Wahlvorschlag für Wilhelm Ostwald (1853 - 1932)
zum Korrespondierenden Mitglied
Die Unterzeichneten beehren sich, Herrn Professor Friedrich Wilhelm Ostwald zu Leipzig als Korrespondenten für das Fach Chemie vorzuschlagen.
Ostwald ist am 2. September 1853 zu Riga geboren und auch dort erzogen. In Dorpat hat er sich ausgebildet, besonders unter Leitung von Lemberg, von Oettingen und Carl Schmidt, und reichte 1877 und 1878 die Magister- und Doktordissertation ein. Im Jahre 1881 übernahm er die chemische Professur am Polytechnikum zu Riga, 1887 diejenige für physikalische Chemie in Leipzig.
Die Forschertätigkeit Ostwalds richtete sich zunächst auf das Affinitätsproblem, und eine Reihe diesbezüglicher Messungen, welche sich wesentlich auf die Stärke der Säuren beziehen, an Hand der Aenderung von Volum und Brechung bei der Neutralisation, von katalytischer Wirkung, u.s.w., führt zur Aufstellung einer Affinitätstabelle. Hier greifen dann die Auffassungen von Arrhenius ein, aus welchen Ostwald sein Verdünnungsgesetz ableitet und in der darin funktionierenden Dissociationskonstanten einen präcisen Ausdruck für die Stärke einer Säure findet, welche er für über 300 Säuren bestimmt.
An die Leitfähigkeitsforschung schliesst sich die Bestimmung der elektromotorischen Kraft, und auch hier wird alsbald eine reiche Ernte erzielt; die elektrolytische Dissociation des Wassers wird zum ersten Male quantitativ festgestellt, eine sehr einfache Methode zur Bestimmung von kleinen Löslichkeiten wie von Chlorsilber ausgearbeitet, während unter Ostwalds Leitung durch Bredig und Knüpffer eine Beziehung zwischen elektromotorischer Kraft und Gleichgewichtskonstante geprüft und bestätigt wird.

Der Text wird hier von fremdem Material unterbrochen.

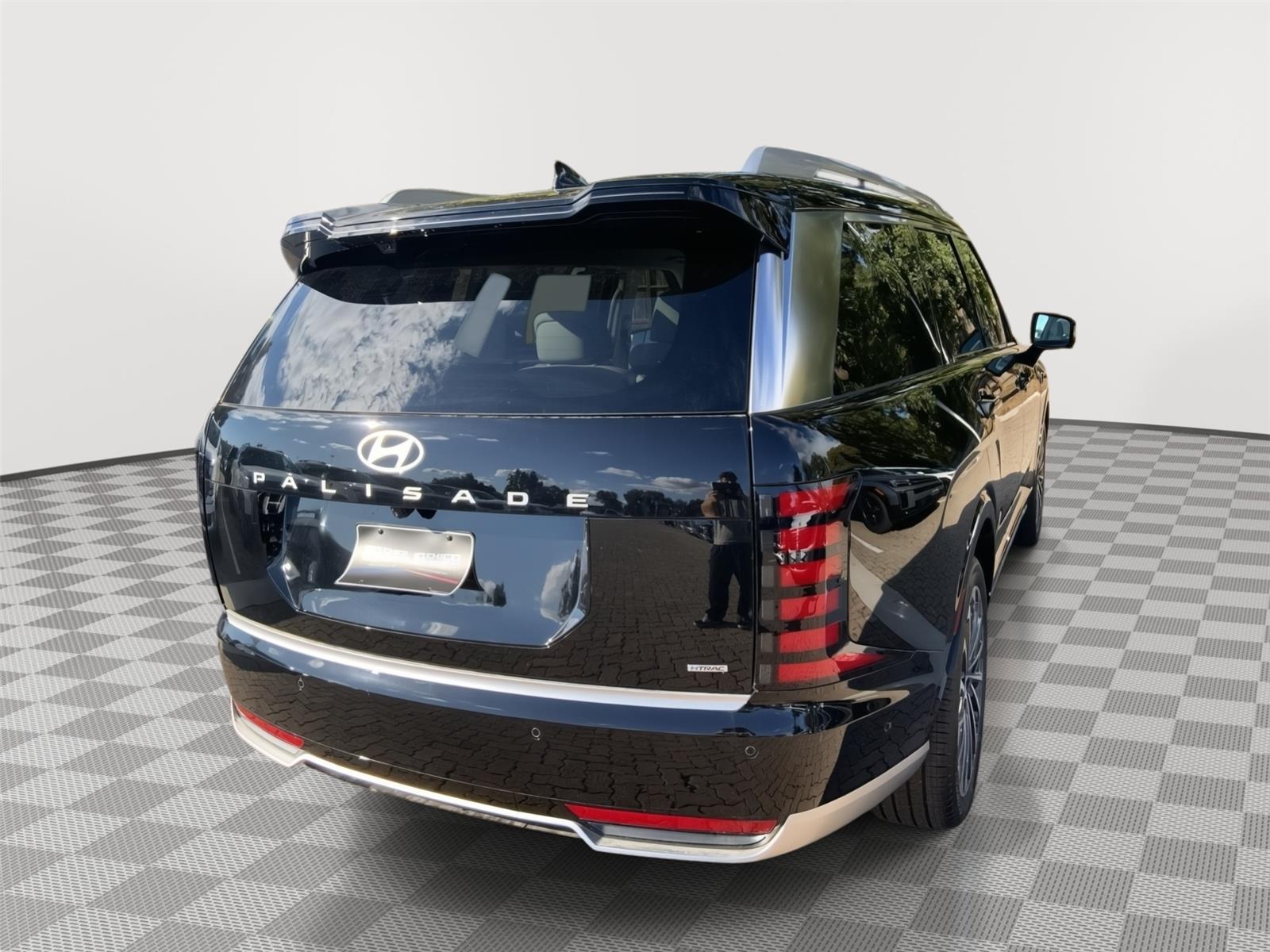 2026 Hyundai Palisade Calligraphy - Photo 14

In neuerer Zeit beschäftigt Ostwald sich vorwiegend mit Reaktionsgeschwindigkeit, besonders unter Einfluss von Katalysatoren. Kam es hier nicht zu Verallgemeinerungen, so sind doch eine Reihe von interessanten Thatsachen und Messungen gewonnen worden, von welchen nur das photographische Reproduktionsverfahren ohne Licht, die Katatypie, und die Messungen der Geschwindigkeit der Knallgasverwandlung durch kolloidales Platin, von Bredig ausgeführt, erwähnt seien, sowie auch die Verfolgung der Periodicität beim Angriff des Chroms durch Säuren.
Die daneben entwickelte schriftstellerische, organisatorische und Lehrtätigkeit ist ein ganz ausserordentliche und sehr nützliche gewesen. Das grosse Lehrbuch der allgemeinen Cheime bildet ein unentbehrliches Nachschlagewerk auf diesem gebiet, die Zeitschrift für physikalische Cheime ist ein Centralorgan geworden, und auch durch seine Klassikerausgabe hat Ostwald viel beigetragen, um die Forschertätigkeit von anderen zum Gemeingut zu machen.
Unter den jetzigen Chemikern ist Ostwald unbedingt eine der meist hervorragenden Figuren in allen Weltteilen, deren Summe von Arbeit auch von den Vorgängern nur selten erreicht ist.
J. H. van't Hoff
Landolt
Fischer
Quelle: Archiv der Akademie der Wissenschaften der DDR, II-IIIb, Bd. 18, Bl. 86-87. (zitiert nach: Heinz Stiller (Hg.), "Chemiker über Chemiker", Akademie-Verlag, Berlin 1986.)